И вот вся эта любовь, какой бы разной она ни была, передается в экранизации посредством двух фирменных приемов — я называю их «уточки» и «подвиг разведчика». Прием «уточки» нашел свое каноническое выражение в сериале Говорухина «Место встречи изменить нельзя», где простая, в сущности, идея о том, что Шарапов любит Варю, выражается через сложносочиненную прогулку в парке, в ходе которой герои под музыку невыносимо долго смотрят на пруд и проплывающих по нему уточек. Другого способа указать на простой жизненный факт Говорухин не нашел. А Володарский с Урсуляком даже искать не стали. Сидящий в блиндаже под Сталинградом Крымов при всем желании не может погулять с Женей Шапошниковой по парку, но ничто не мешает ему грезить — под журчащего Вивальди — о том, как они катались когда-то с ней на лодочке. И несомненно видели уточек, которых после сцены с Шараповым нам можно уже и не показывать — у нас у всех эти целомудренные уточки сидят в подкорке.

Еще шире Урсуляк пользуется приемом «подвиг разведчика». У Лиозновой Штирлиц полсерии смотрит на сидящую за другим столиком супругу под выбивающего слезу Таривердиева. В «Жизни и судьбе» разведчиков нет, но влюбленные герои все равно тупо пялятся друг на друга под шелест глубокомысленного Баха. Хочется спросить, откуда только у них у всех дети берутся, но трагедия не в этом.

Настоящая трагедия в том, что от долгого переглядывания рождается лишь еще более долгое переглядывание, и ущербный визуальный словарь советского сериала беспрепятственно воспроизводит сам себя. Через тридцать с лишним лет после канонических уточек и штирлицев нам бесстыдно преподносят тоже самое — причем в экранизации книги, где любовь действует как одна из жизненных сил (в сочетании с подлостью, трусостью, благородством) и приносит вполне реальные плоды в виде детей — желанных и нежеланных, похожих на родителей и не похожих, связывающих совершенно удалившихся друг от друга людей и разделяющих близких.

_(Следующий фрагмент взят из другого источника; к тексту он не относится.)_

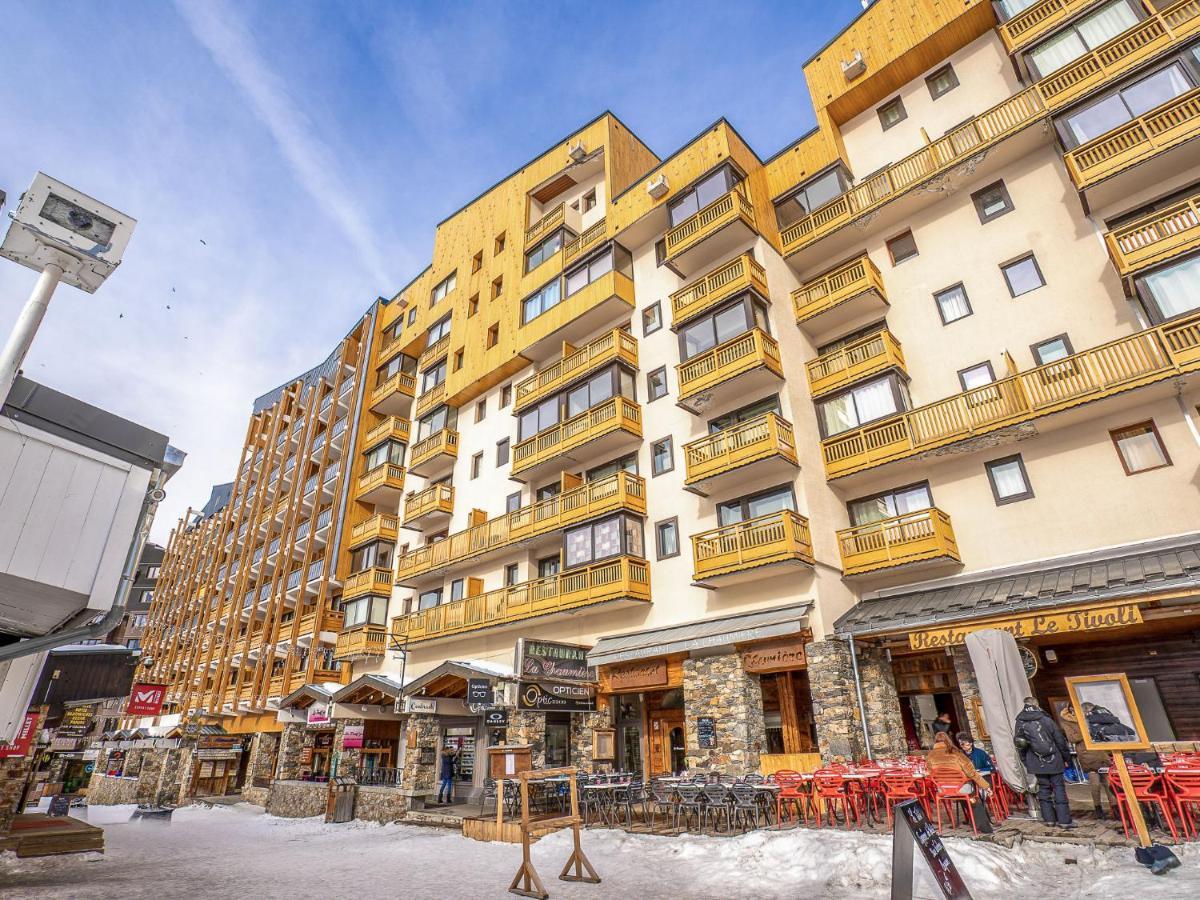 Apartment Vanoise 152 By Interhome Val Thorens Exterior photo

Любовная тема, выхолощенная до уточек и штирлицев с мелькающей внизу экрана надписью 12+, свидетельствует о безоговорочной победе советского во всех областях современной жизни. И если нас не тошнит от пятиминутных переглядываний Маковецкого и Михалковой, нас не должно тошнить и от прочих проявлений совка тридцатилетней давности, а именно — от негласного антисемитизма, великорусской темы и нескончаемых разговоров о боге и православии.

Сериал Урсуляка еще раз подчеркивает: все болевые точки сегодняшнего дня — от подъема национализма до неистовой борьбы с безнравственностью и безбожием, жертвами которой стали, например, Pussy Riot — являются простым воспроизводством сложившейся к концу советского времени интеллигентской повестки. И воспроизводится она даже не за счет передачи проблем молодому поколению, а в силу искусственного удержания в поле массового культурного производства живых мертвецов вроде Володарского и Михалкова, а также их детей — не духовных, правда, а вполне себе биологических.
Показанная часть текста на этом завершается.